# Burstner 747 weight problems



## inkey-2008 (May 24, 2008)

Has anybody with a Burstner 747-2 (2002) had their Gross weight increased from 5000KG to 6000KG. My van has a lot of extras added by a previous owner which nearly uses up the pay load. I was gobsmacked when I had it weighed today. So it is either an uprated plate or get rid of some of the toys. 

Andy


----------



## inkey-2008 (May 24, 2008)

I have been in touch with Burstner about the weight and it looks as though it cannot be upgraded but what has come out is they fitted the wrong plate to the inside of the van which shows a higher weight than the plate under the bonnet. they are sending a replacement plate now.

Andy


----------



## fdhadi (May 9, 2005)

Gosh Andy,

You have a 1250kg payload, whats been fitted???


----------



## inkey-2008 (May 24, 2008)

Hi fdhadi

It has an on board genney air con, sat dish, two large batteries and I mean large, victron inverter/charger and I have put on a bike rack for our scooter that wont fit in the garage with out letting down the tires and removing the mirrors etc.under slung gas tank and two gas bottles in the locker which are empty. I had it weighed the other day with out taking out a lot of our bits as they would stay on the van no matter what and it came up at 4740kg so looks like the wife will have to go on a diet, and the dog to the vets. I emailed the previous owner who had the van from new and had the stuff fitted he was told the van should weigh 3750kg ex works and the extras were calculated with the weights given by the different suppliers which should have left a good payload for the personal bits and bobs somewhere the calculations have gone adrift so I looks like we will have to have a rethink and get rid of the genny and batteries get a smaller victron inverter.That should save alot.
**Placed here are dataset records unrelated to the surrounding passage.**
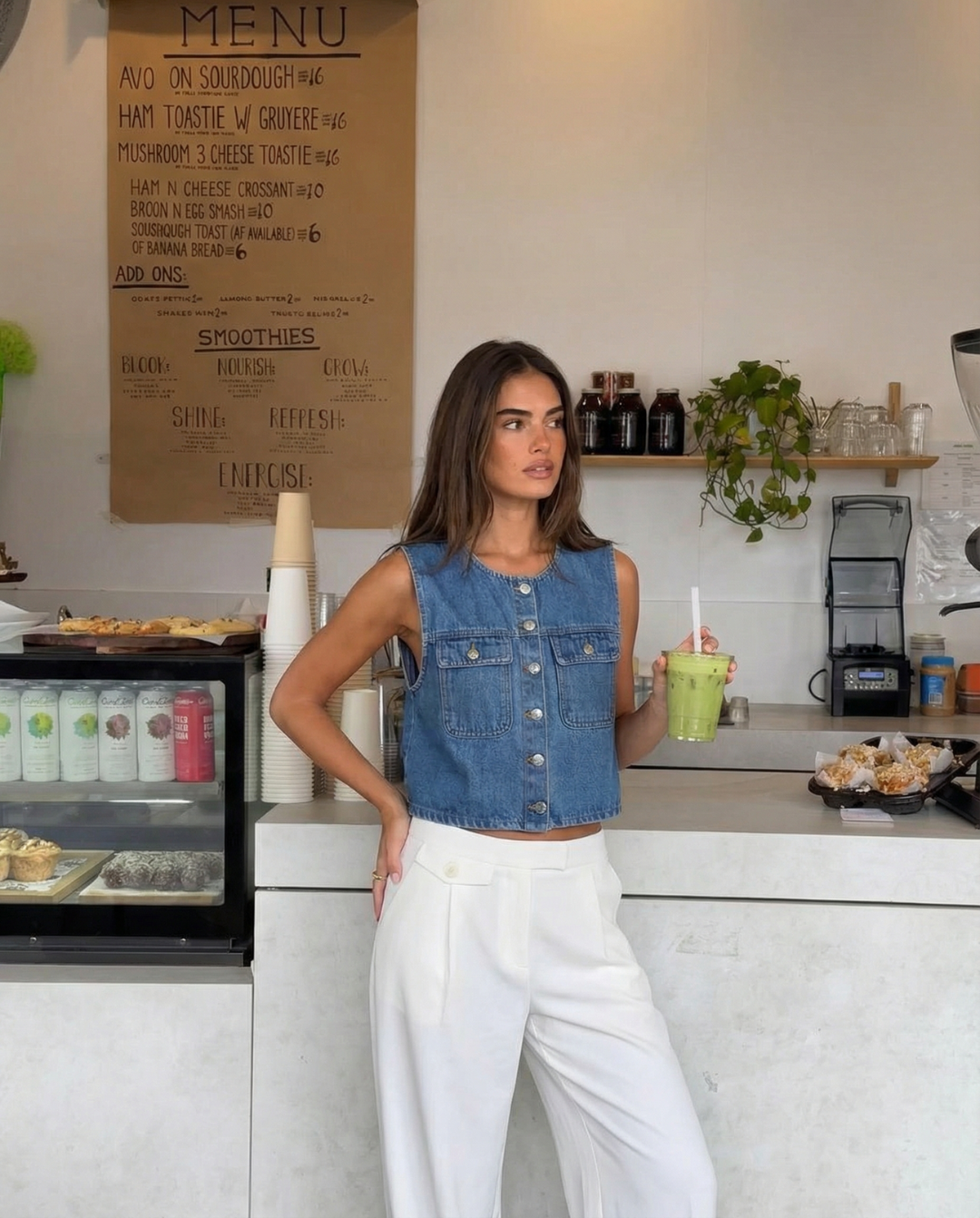 Sia | Cropped Vest Top Blue Denim Sleeveless Button Front Pockets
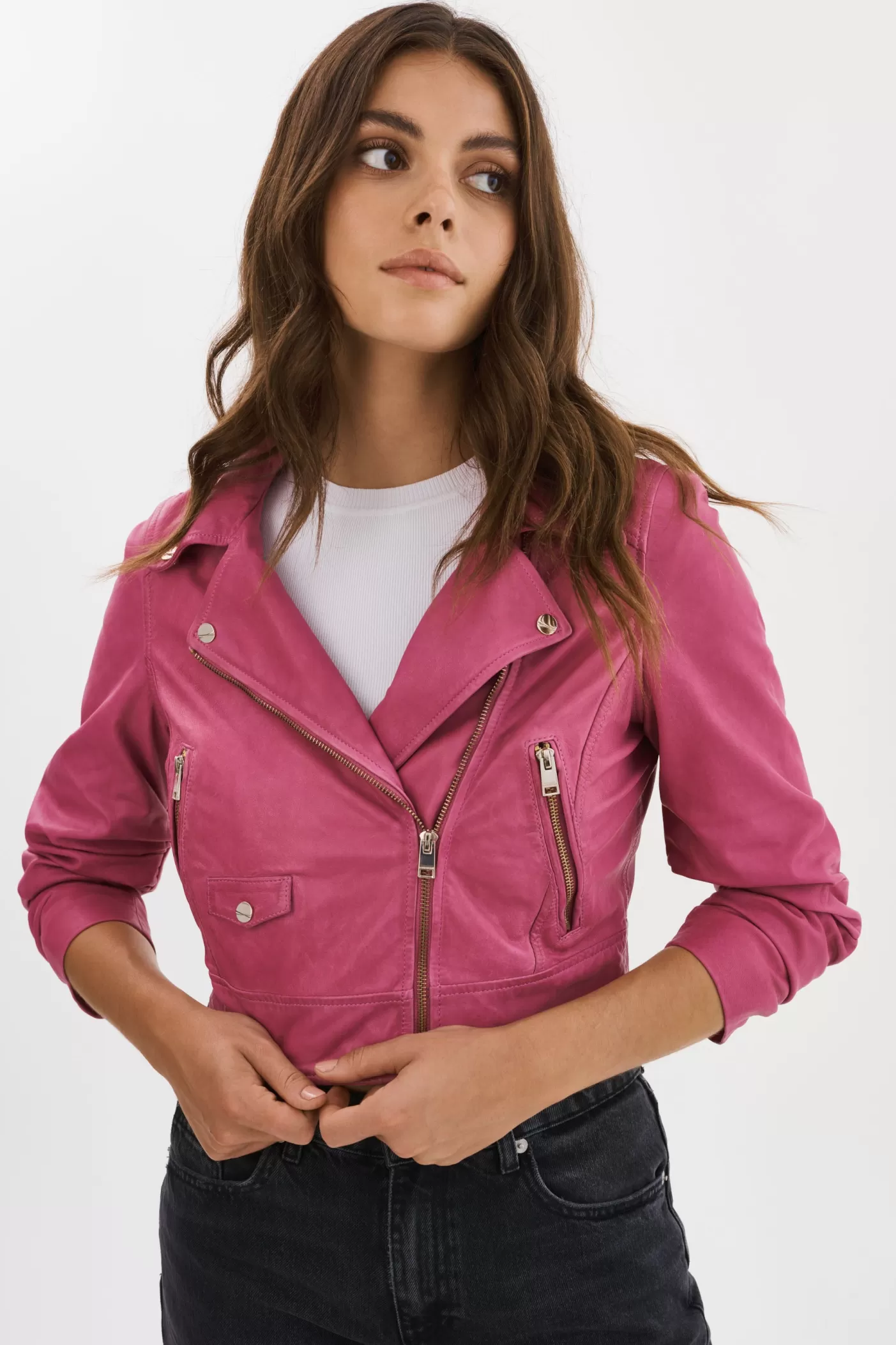 LAMARQUE JANIKA | Veste Motard Courte En Cuir Super rose Best Sale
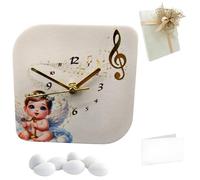 Doni Bomboniere Batteismo 1 pz Orologio in Ecopelle con Stampa Angioletto con Arpa e Note Musicali Nascita Primo Compleanno Personalizzabile Artigianale Originale (MOD. 28-12 x 12 cm)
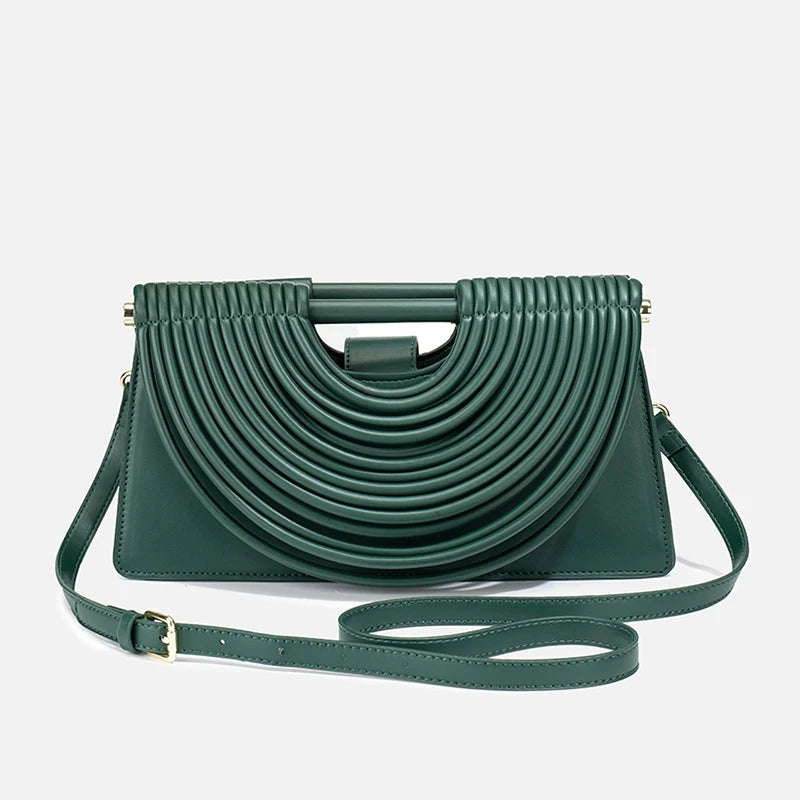 Luxury Design Handwoven Leather Evening Clutch Bag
Andy


----------



## teensvan (May 9, 2005)

Hi.

We had our 748 weighed last may and was gobsmacked how much we put into it and how much payload we had used. Dumped out a lot of junk. We still travel with no water most of the time to keep weight down.

steve & ann. ------------- teensvan


----------



## sideways (Jun 2, 2008)

Try Sv tech To see if they can uprate you


----------